Exercise ▸ Write out the entries below exactly as they stand. Skip every image.

Data records ▸
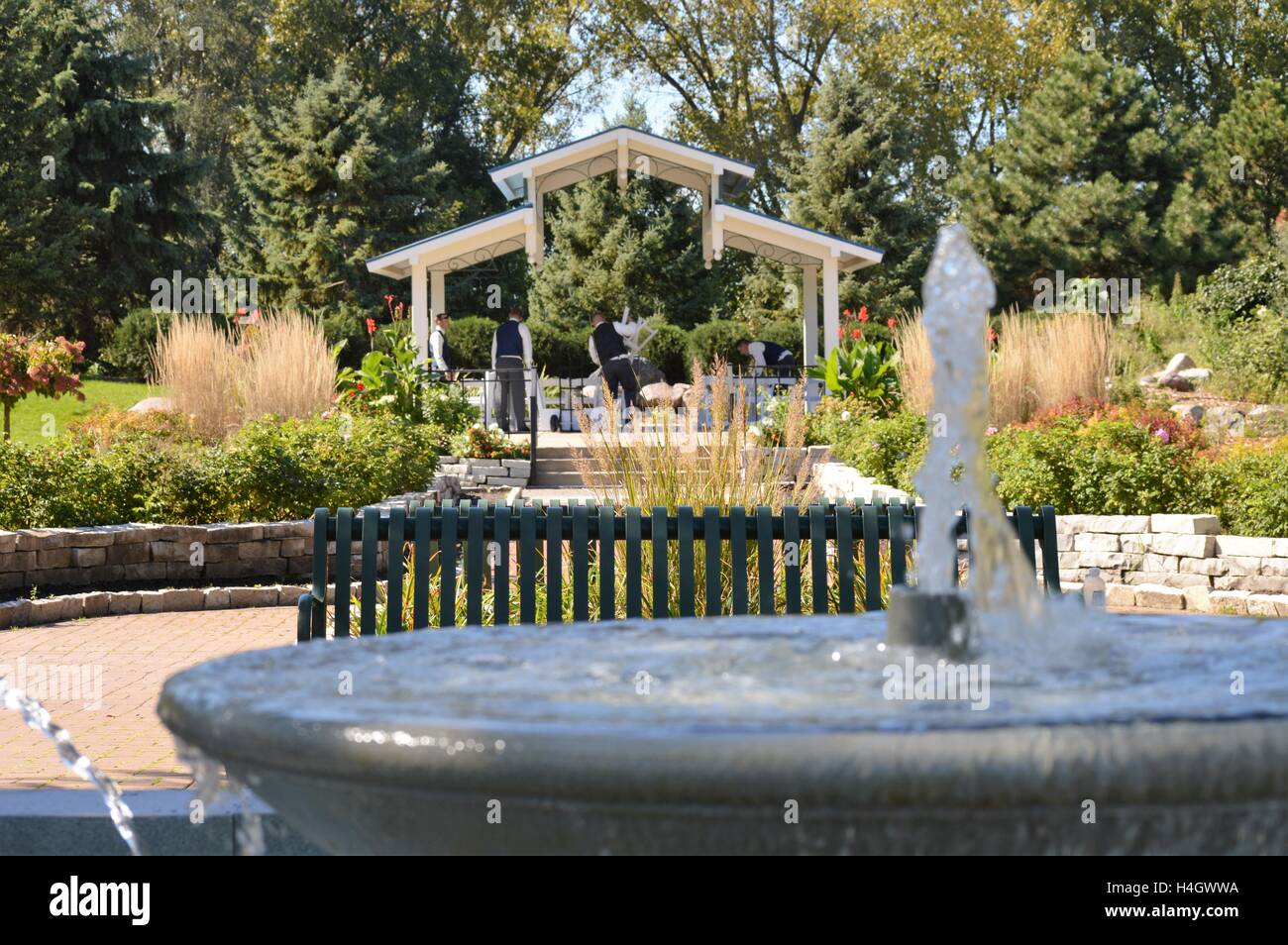 Water Fountain and Wedding Party Setting Up at the Park Stock Photo Alamy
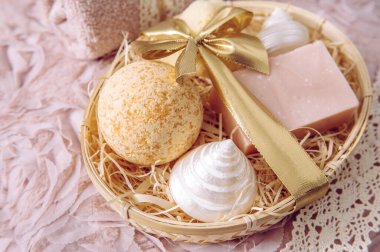 Doğal bambu malzeme sepeti. Paramparça ahşap mükemmeliyetçilikle dolu. Çeşitli spa banyo ürünleri, pembe sabun çubuğu, banyo bombası, klasik açık pembe arka planda doğal sünger. Güzellik hediyesi.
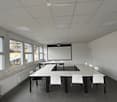 empty room, white walls, white ceiling, white tables, white chairs, projector screen, windows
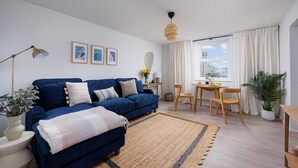 A modern living room with a blue sofa, a dining area, and a large window with curtains. - Luxury Ground Floor 2 bed Apartment (Plymouth)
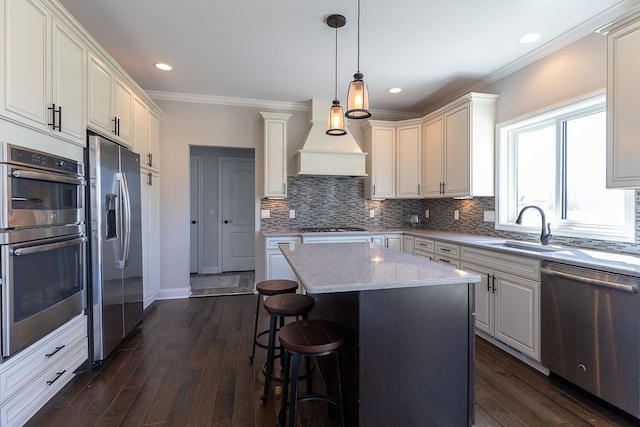 kitchen with dark wood-type flooring, crown molding, sink, appliances with stainless steel finishes, and a kitchen island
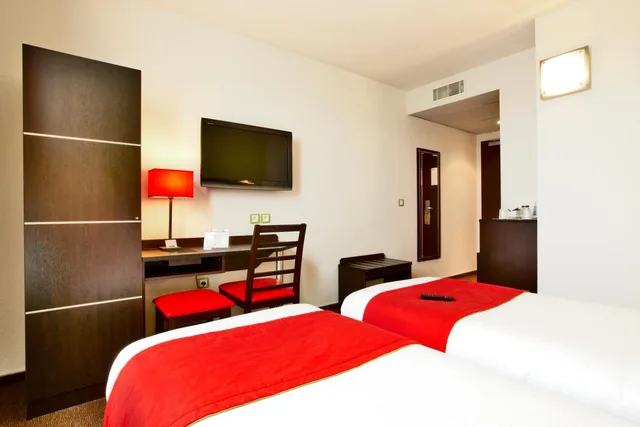 غرفة بسريرين منفصلين، Hotel Kyriad Design Enzo Thionville 5/10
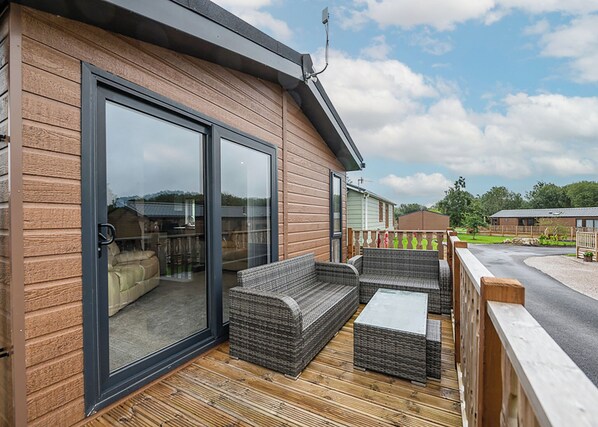 A wooden deck with outdoor furniture, a sliding glass door, and a view of the surrounding area.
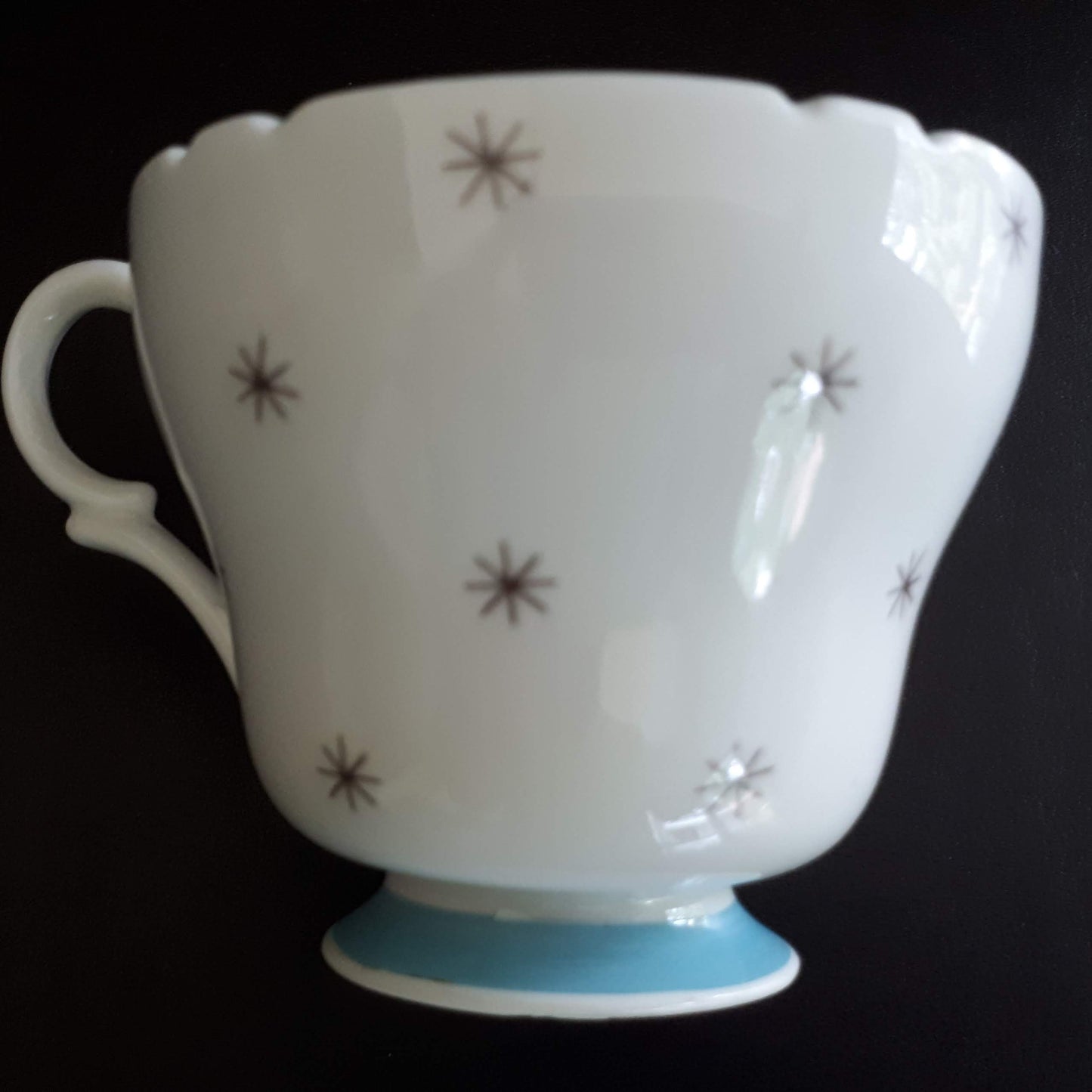 Shelley unique white cup with stars outside and sky blue interior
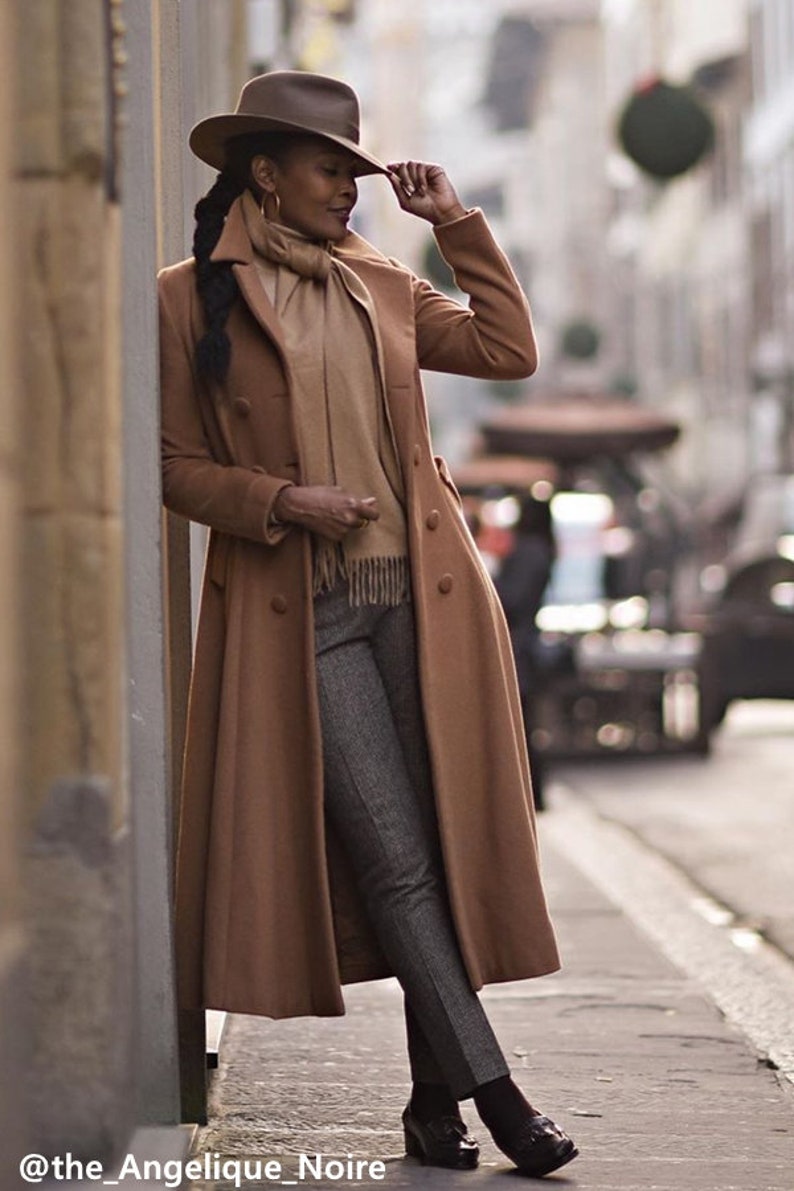 May include: A woman wearing a brown fedora, a long brown coat, gray pants, and black loafers. She is standing next to a building and holding her hat in her hand. The text "@the_Angelique_Noire" is at the bottom of the image.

Solved problem ▸
 Water Fountain and Wedding Party Setting Up at the Park Stock Photo Alamy
 Doğal bambu malzeme sepeti. Paramparça ahşap mükemmeliyetçilikle dolu. Çeşitli spa banyo ürünleri, pembe sabun çubuğu, banyo bombası, klasik açık pembe arka planda doğal sünger. Güzellik hediyesi.
 empty room, white walls, white ceiling, white tables, white chairs, projector screen, windows
 A modern living room with a blue sofa, a dining area, and a large window with curtains. - Luxury Ground Floor 2 bed Apartment (Plymouth)
 kitchen with dark wood-type flooring, crown molding, sink, appliances with stainless steel finishes, and a kitchen island
 غرفة بسريرين منفصلين، Hotel Kyriad Design Enzo Thionville 5/10
 A wooden deck with outdoor furniture, a sliding glass door, and a view of the surrounding area.
 Shelley unique white cup with stars outside and sky blue interior
 May include: A woman wearing a brown fedora, a long brown coat, gray pants, and black loafers. She is standing next to a building and holding her hat in her hand. The text "@the_Angelique_Noire" is at the bottom of the image.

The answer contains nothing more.